Each line in the material below, starting at the one with "Space - SchulRanzen" and ending at the one with "P7GVbincidenciacovida7daspormunicipiosdegalicia1 1", is to be reproduced exactly; no picture is to be copied.

• [Data for this task]:
_ _ _ _ _
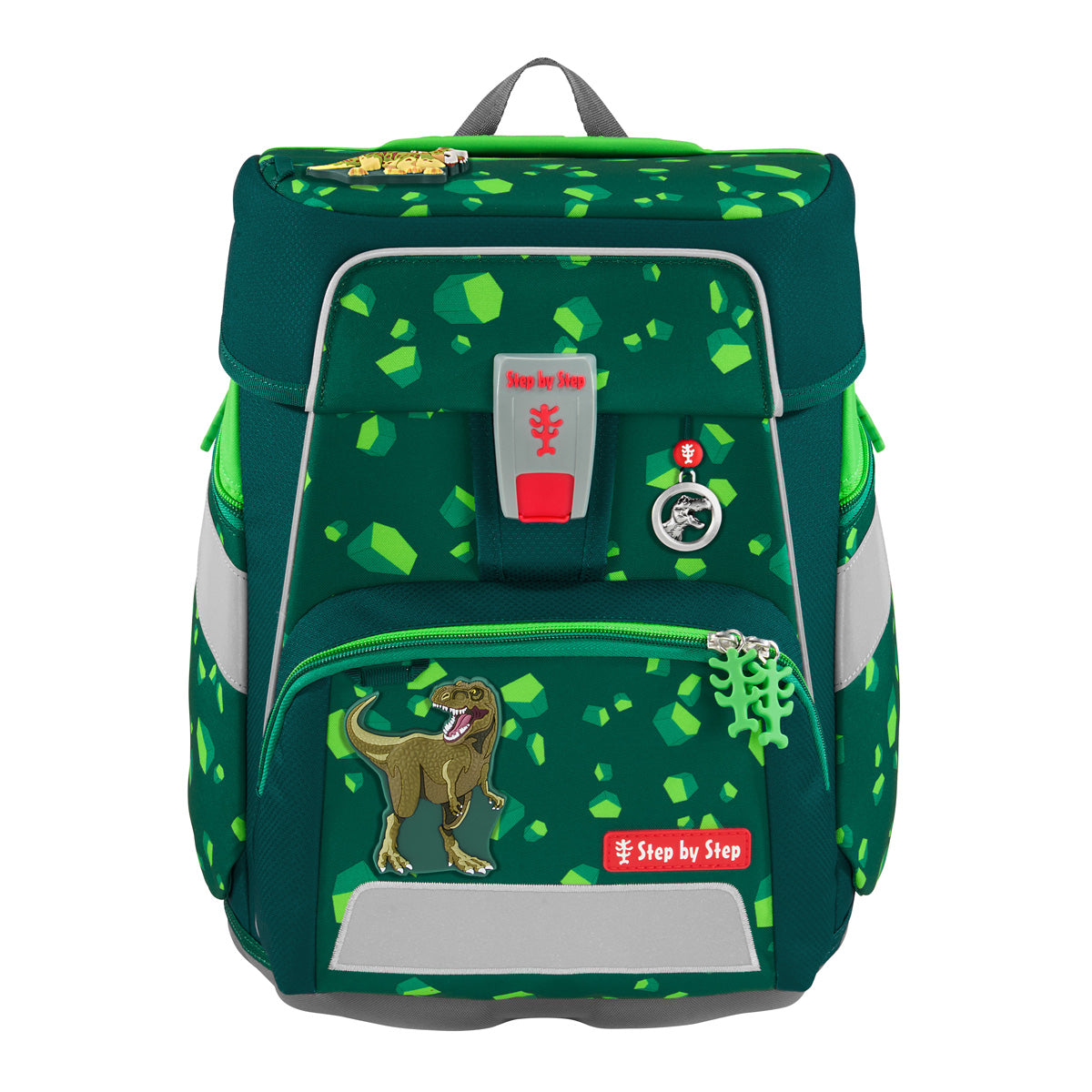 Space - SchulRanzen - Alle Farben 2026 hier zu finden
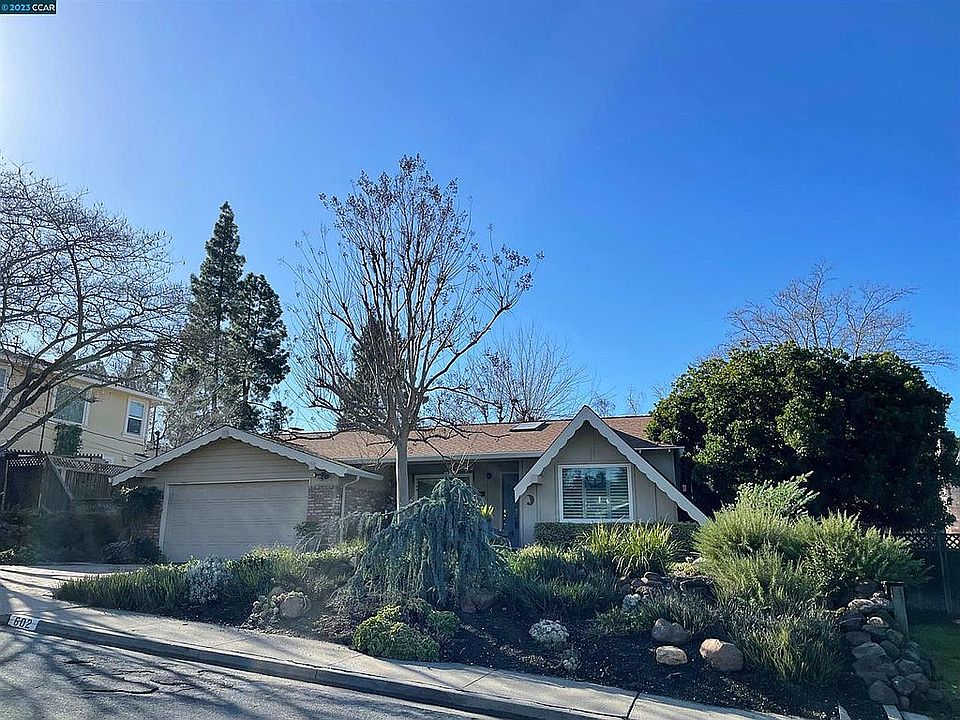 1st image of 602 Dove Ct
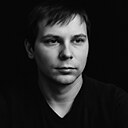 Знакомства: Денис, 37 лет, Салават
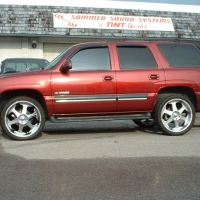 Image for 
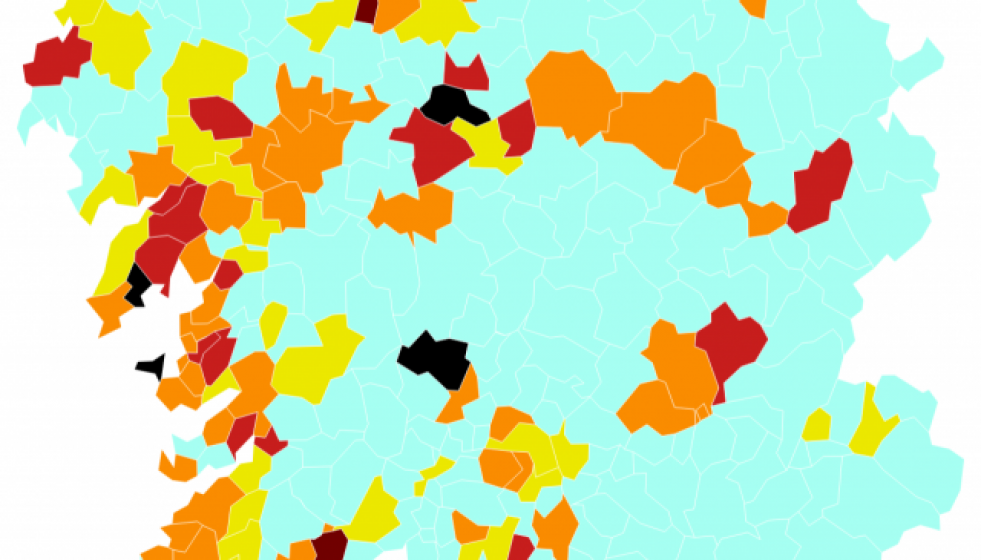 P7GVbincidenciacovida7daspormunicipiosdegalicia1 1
_ _ _ _ _
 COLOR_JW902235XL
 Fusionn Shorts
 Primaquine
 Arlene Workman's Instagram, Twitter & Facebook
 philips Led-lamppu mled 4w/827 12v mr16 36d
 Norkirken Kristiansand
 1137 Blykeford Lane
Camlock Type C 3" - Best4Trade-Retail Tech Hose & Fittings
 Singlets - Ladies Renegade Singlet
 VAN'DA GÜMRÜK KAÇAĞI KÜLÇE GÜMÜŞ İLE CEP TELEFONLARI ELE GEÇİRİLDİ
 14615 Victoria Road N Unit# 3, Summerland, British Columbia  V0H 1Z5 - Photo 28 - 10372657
_ _ _ _ _
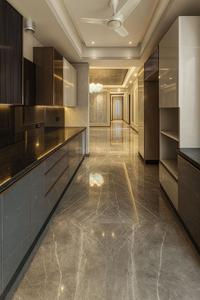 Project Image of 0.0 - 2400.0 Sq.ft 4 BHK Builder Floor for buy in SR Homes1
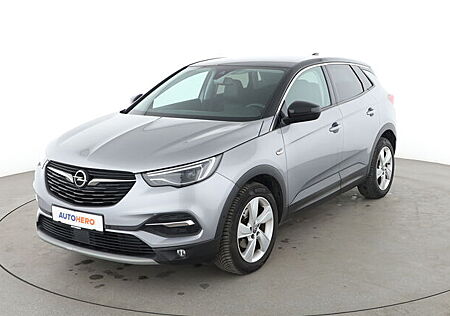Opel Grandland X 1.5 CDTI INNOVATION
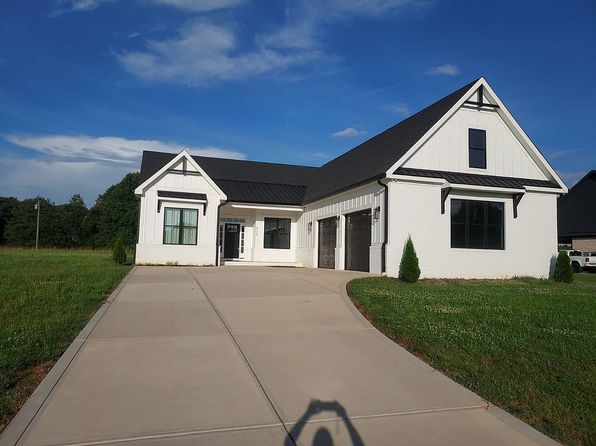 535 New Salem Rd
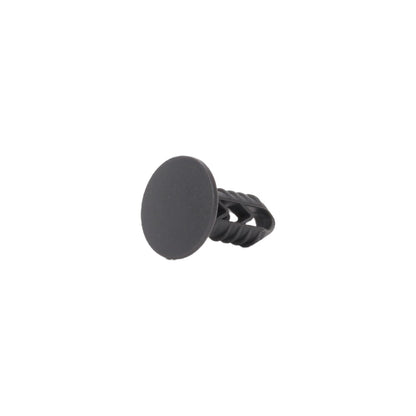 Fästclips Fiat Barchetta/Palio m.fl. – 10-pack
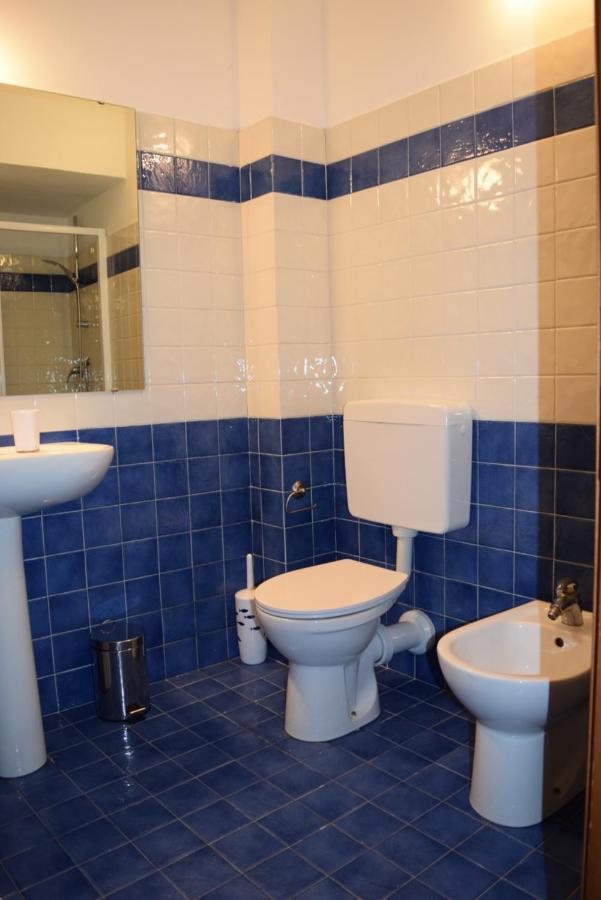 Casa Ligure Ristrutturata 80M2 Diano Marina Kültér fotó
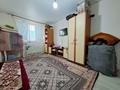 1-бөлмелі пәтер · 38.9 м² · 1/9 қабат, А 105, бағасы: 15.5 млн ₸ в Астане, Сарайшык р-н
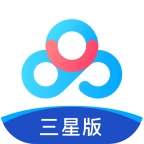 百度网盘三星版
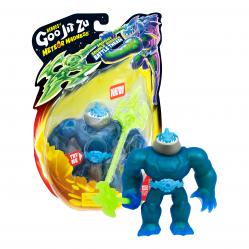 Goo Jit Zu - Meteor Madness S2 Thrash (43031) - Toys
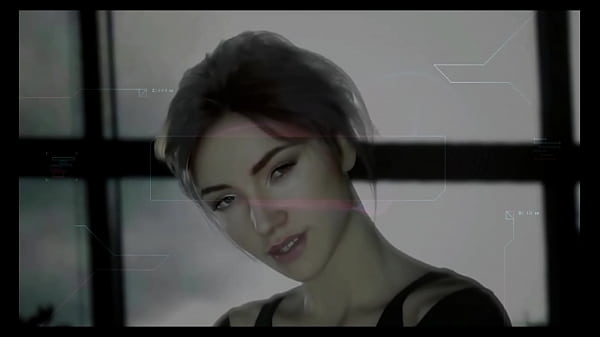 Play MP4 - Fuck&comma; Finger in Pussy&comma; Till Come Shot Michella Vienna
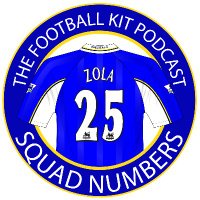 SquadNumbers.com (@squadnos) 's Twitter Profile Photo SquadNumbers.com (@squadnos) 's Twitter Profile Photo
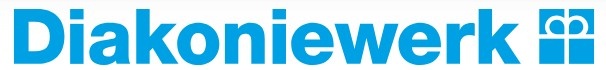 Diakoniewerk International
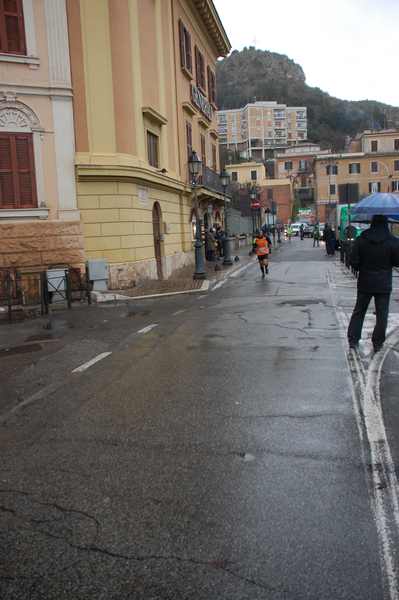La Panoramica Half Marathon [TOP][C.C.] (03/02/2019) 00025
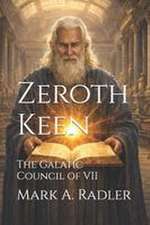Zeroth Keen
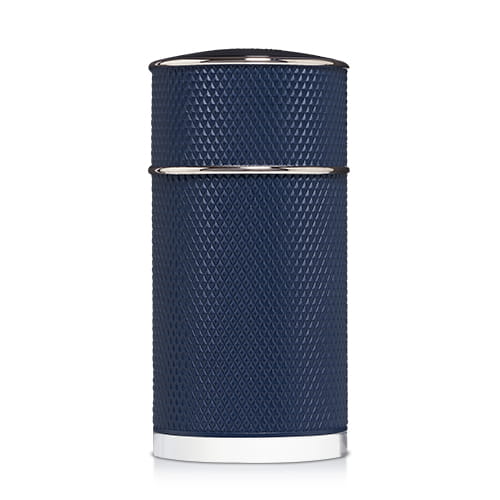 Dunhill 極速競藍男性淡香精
_ _ _ _ _
• [Response to the exercise]:
 Space - SchulRanzen - Alle Farben 2026 hier zu finden
 1st image of 602 Dove Ct
 Знакомства: Денис, 37 лет, Салават
 Image for 
 P7GVbincidenciacovida7daspormunicipiosdegalicia1 1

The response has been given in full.